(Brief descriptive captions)
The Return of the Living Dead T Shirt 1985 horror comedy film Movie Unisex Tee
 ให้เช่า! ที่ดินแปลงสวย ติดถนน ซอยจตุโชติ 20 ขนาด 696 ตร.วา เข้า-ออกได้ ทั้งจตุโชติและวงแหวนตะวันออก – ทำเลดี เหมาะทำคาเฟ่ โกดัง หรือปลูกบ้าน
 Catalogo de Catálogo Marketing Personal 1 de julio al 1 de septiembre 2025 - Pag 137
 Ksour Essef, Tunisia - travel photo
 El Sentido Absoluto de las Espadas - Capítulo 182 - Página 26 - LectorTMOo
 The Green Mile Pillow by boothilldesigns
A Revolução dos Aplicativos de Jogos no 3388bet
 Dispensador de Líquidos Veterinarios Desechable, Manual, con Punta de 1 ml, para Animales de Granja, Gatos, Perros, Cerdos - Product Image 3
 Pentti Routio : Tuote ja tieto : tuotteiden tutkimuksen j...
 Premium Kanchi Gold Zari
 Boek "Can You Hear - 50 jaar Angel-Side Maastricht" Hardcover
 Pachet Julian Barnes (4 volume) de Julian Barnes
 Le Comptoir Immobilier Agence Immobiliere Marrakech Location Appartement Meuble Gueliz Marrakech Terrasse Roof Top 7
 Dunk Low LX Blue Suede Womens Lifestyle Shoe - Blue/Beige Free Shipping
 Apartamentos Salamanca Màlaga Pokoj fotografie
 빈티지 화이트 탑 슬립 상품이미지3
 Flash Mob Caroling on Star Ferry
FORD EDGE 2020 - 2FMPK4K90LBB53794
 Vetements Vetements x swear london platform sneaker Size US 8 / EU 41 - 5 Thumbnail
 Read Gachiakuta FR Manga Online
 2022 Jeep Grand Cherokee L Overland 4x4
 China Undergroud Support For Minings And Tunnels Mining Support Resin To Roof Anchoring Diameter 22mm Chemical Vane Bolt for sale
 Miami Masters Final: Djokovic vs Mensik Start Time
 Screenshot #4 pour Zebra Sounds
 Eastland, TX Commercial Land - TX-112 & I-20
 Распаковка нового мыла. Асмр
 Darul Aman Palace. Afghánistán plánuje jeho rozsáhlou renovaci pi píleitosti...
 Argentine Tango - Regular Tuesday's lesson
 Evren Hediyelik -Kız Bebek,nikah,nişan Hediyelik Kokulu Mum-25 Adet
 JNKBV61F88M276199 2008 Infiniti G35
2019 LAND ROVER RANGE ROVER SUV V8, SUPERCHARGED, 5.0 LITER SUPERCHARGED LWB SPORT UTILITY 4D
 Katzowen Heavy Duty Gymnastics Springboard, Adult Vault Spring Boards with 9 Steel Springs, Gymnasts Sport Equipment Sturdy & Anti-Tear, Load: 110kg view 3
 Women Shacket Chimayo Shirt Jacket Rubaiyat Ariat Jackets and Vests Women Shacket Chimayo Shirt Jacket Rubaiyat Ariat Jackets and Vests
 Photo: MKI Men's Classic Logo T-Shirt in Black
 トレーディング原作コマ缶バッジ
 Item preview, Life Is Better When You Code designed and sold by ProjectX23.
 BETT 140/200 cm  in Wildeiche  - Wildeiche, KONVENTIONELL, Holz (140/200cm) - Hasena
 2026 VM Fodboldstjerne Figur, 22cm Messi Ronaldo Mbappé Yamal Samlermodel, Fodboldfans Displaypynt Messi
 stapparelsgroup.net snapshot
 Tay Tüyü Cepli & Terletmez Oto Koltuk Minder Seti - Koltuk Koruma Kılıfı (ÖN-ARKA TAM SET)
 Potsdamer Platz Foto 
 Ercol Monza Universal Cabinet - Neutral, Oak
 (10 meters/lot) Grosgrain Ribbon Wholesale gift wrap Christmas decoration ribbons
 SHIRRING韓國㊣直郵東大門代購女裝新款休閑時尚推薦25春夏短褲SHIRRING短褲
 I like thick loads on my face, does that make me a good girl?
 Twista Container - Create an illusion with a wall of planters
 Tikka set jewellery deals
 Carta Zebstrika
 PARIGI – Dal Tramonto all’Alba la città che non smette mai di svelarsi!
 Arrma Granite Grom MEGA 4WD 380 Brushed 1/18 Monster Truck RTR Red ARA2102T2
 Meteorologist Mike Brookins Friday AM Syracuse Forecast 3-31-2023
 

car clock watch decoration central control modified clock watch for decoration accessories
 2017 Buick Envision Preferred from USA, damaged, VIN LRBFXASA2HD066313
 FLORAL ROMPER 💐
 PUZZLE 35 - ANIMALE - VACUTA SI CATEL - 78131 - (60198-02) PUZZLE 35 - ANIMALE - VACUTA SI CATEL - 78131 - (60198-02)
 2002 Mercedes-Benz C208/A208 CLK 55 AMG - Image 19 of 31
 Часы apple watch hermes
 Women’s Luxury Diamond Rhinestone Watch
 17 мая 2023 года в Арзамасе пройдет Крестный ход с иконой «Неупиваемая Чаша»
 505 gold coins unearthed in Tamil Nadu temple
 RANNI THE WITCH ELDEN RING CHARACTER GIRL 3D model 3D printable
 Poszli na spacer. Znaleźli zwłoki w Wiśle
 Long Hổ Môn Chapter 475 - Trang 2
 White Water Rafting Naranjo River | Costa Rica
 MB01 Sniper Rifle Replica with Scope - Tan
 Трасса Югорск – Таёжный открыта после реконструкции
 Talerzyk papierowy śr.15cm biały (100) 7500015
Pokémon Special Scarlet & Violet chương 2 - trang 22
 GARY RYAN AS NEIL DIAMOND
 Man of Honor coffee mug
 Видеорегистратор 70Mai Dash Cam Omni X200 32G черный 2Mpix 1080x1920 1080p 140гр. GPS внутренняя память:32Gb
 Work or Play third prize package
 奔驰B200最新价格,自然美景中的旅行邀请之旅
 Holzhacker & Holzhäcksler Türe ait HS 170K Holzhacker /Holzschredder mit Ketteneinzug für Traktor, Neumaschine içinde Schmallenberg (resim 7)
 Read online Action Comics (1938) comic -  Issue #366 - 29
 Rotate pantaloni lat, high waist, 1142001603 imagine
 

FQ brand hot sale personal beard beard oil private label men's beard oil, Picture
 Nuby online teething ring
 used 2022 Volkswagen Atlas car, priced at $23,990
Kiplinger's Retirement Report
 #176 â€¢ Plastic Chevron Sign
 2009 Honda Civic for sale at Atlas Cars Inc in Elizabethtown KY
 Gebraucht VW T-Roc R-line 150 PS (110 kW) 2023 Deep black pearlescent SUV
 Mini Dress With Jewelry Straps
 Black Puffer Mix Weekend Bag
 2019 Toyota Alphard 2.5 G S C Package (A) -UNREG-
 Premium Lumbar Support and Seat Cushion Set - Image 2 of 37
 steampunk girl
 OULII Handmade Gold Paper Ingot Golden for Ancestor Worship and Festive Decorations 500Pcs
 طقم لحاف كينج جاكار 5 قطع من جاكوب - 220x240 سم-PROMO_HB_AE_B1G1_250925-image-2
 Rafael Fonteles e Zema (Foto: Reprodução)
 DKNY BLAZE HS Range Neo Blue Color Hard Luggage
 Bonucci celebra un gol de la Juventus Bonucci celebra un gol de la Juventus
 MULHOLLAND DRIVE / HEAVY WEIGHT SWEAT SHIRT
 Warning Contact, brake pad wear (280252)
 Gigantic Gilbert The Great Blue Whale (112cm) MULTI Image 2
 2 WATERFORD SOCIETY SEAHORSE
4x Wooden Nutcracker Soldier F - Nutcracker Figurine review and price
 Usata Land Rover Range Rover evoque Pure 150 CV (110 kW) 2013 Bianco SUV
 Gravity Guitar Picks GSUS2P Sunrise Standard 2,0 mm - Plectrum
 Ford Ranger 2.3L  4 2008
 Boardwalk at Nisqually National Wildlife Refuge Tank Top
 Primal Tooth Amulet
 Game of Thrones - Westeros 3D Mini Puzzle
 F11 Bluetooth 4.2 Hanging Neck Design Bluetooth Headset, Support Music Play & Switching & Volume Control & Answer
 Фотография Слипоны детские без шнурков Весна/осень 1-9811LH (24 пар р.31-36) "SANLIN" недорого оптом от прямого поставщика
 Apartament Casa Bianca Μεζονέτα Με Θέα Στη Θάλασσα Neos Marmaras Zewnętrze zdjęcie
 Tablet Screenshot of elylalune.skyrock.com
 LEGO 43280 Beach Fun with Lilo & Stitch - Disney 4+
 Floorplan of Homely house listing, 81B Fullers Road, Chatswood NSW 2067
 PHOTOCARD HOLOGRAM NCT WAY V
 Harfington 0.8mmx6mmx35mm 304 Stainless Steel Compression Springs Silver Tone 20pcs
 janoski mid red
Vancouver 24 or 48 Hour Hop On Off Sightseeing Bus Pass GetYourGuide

Task directions: When the line with "I like thick" is reached in the data above, start copying there, and copy each line exactly until the line with "FLORAL ROMPER 💐" has been copied; copy nothing else.

Answer to this task:
 I like thick loads on my face, does that make me a good girl?
 Twista Container - Create an illusion with a wall of planters
 Tikka set jewellery deals
 Carta Zebstrika
 PARIGI – Dal Tramonto all’Alba la città che non smette mai di svelarsi!
 Arrma Granite Grom MEGA 4WD 380 Brushed 1/18 Monster Truck RTR Red ARA2102T2
 Meteorologist Mike Brookins Friday AM Syracuse Forecast 3-31-2023
 

car clock watch decoration central control modified clock watch for decoration accessories
 2017 Buick Envision Preferred from USA, damaged, VIN LRBFXASA2HD066313
 FLORAL ROMPER 💐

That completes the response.